DISADVANTAGE/CHINA

IMPACT: ANGERING CHINA INCREASES THE RISKS OF WAR

A NEW COLD WAR WITH CHINA WILL BREED NEW WARS — EVERY CRISIS POINT WILL BECOME MORE LIKELY TO BREAK OUT INTO WAR

Henry Kissinger, secretary of state under Presidents Nixon and Ford. The San Diego Union-Tribune September 12, 1999, Pg. G-1 HEADLINE: DANGEROUS DRIFT; China and the United States are sliding toward perilous, and unnecessary, confrontation // ln-10/99-acs

A cold war would leave both sides in a classic no-win situation. China's economic progress would be stifled. Historically covetous neighbors might resurrect past ambitions. And, given the present disproportion of power, a military conflict would have grave consequences for China.

At the same time, Beijing would have many political cards to play. The Soviet Union, in the end, stood substantially isolated facing a coalition of all the industrial democracies plus China. But China has traversed its 5,000 years of recorded history by careful calculations of its necessities and great patience. No Asian nation will go along with a confrontational course unless provoked by Chinese pressures. Our European allies will distinguish their policies from ours and blame tensions on American highhandedness. Every crisis point, from Korea to the Middle East, would be exacerbated by a Sino-American cold -- or hot -- war.

NUCLEAR WEAPONS BUILD UP IN CHINA WOULD MASSIVELY INCREASE RISKS OF WAR IN KOREA

Frank Umbach, Senior Research Fellow at the German Society for

Foreign Affairs (DGAP) in Berlin, Jane's Intelligence Review, October 1, 1999 wise to P'yongyang's nuclear blackmail // ln-10/99-acs

Such a long-range missile build-up might not only threaten global and regional MTCR and non-proliferation policies, but may also incite a new arms race in an already complex military-strategic environment in Northeast Asia. Furthermore, it may undermine crisis stability and conflict management by creating additional incentives for pre-emptive military strike options on both sides of the Korean peninsula.

 

CHINA USES FORCE 72% OF THE TIME TO RESOLVE FOREIGN POLICY CONFLICTS

Frank J. Gaffney Jr. and Thor E. Ronay, Center for Security Policy in Washington. Insight on the News October 04, 1999, Pg. 44 HEADLINE: New China Strategy Should Spur Democracy // ln-acs

Unfortunately, as Harvard China expert Alistair Iain Johnston has documented, China is not afraid to use force, especially if it can do so quickly and decisively in a manner designed to alter the status quo before an opponent can react. Johnston found that since 1949, the PRC has resorted to violence to resolve foreign-policy conflicts 72 percent of the time (in eight out of 10 crises) - a rate much greater than that of the former Soviet Union, to say nothing of democracies such as the United States and the United Kingdom. Even if force is not used by China, its mere threat may be sufficient to achieve the PRC's desired results. Even now, the Chinese have begun to brandish their growing military capabilities to threaten Taiwan and other neighbors and to hint at nuclear attacks on the United States.

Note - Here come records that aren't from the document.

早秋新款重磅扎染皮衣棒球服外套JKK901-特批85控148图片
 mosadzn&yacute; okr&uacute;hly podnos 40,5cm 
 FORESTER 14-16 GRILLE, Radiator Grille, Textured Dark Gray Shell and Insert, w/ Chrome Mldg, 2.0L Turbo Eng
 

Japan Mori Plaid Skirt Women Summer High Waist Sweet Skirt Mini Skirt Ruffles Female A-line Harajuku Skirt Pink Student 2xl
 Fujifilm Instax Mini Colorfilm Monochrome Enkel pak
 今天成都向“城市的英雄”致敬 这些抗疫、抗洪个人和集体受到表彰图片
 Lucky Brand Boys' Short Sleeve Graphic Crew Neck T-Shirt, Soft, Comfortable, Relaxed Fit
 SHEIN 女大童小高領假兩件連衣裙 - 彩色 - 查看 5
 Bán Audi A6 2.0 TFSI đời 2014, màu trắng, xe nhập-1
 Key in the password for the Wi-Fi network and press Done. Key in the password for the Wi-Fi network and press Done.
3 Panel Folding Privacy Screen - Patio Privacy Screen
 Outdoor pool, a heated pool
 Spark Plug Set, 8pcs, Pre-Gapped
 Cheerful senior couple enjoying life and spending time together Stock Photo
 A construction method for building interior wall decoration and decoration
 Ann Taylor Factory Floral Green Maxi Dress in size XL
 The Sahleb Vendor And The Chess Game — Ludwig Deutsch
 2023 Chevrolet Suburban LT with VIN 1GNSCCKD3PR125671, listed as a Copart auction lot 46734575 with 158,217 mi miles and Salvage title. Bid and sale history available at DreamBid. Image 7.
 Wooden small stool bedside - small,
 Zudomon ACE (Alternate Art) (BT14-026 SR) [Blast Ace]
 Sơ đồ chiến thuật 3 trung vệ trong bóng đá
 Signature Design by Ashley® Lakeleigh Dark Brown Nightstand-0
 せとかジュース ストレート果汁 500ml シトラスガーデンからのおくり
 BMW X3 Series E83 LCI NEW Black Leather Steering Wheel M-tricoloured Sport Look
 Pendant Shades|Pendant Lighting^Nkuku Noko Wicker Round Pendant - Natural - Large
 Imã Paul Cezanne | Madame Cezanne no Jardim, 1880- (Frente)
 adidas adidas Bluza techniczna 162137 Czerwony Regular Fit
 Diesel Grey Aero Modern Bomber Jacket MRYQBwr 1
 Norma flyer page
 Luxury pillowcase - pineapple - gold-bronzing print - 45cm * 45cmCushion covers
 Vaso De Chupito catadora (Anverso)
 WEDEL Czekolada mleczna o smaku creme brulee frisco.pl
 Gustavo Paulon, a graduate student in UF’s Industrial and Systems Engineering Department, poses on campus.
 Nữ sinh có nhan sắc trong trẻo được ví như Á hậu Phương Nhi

TENSIONS BETWEEN CHINA AND THE USA COULD DRIVE AUSTRALIA OUT OF THE WESTERN CAMP

Gary Klintworth, The Straits Times (Singapore) November 15, 1999 SECTION: Commentary Analysis; Pg. 44 HEADLINE: Diplomacy would be helpful // acs-ln-11-19-99

These are key issues affecting the security and stability of the whole Asia-Pacific region. Renewed tension between China and the US over Taiwan could force Australia to choose between its Anzus Treaty obligations to the US and its new-found military relationship with Beijing. Japan might find itself in a similar dilemma.

DEMOCRATIC TRANSITION IN CHINA WILL BE DIFFICULT, AND CHINESE GOVERNMENT WILL ATTEMPT TO MANIPULATE FEAR OF THE USA TO STOP IT

Frank J. Gaffney Jr., president of the Center for Security Policy, April 3, 2001 National Review HEADLINE: What to Do about China //VT2002acsln

Have no doubt: Helping the Chinese people liberate themselves from Communist despotism will be more difficult than was the job of taking down the USSR. The extent of China's penetration of the West is far greater than was true of the Soviet Union; Beijing's influence and agents are much more widespread. Still, part of the reason that Beijing attacked our plane was in furtherance of its classic social-engineering campaign - whereby external threats (even manufactured ones) are used to promote support for the regime and to suppress dissent. The fact that the Chinese are growing increasingly restive is the best hope for making common cause with them in achieving a transformation of China. It is also the best hope for avoiding a conflict with the United States that China's leaders clearly seem determined to foment.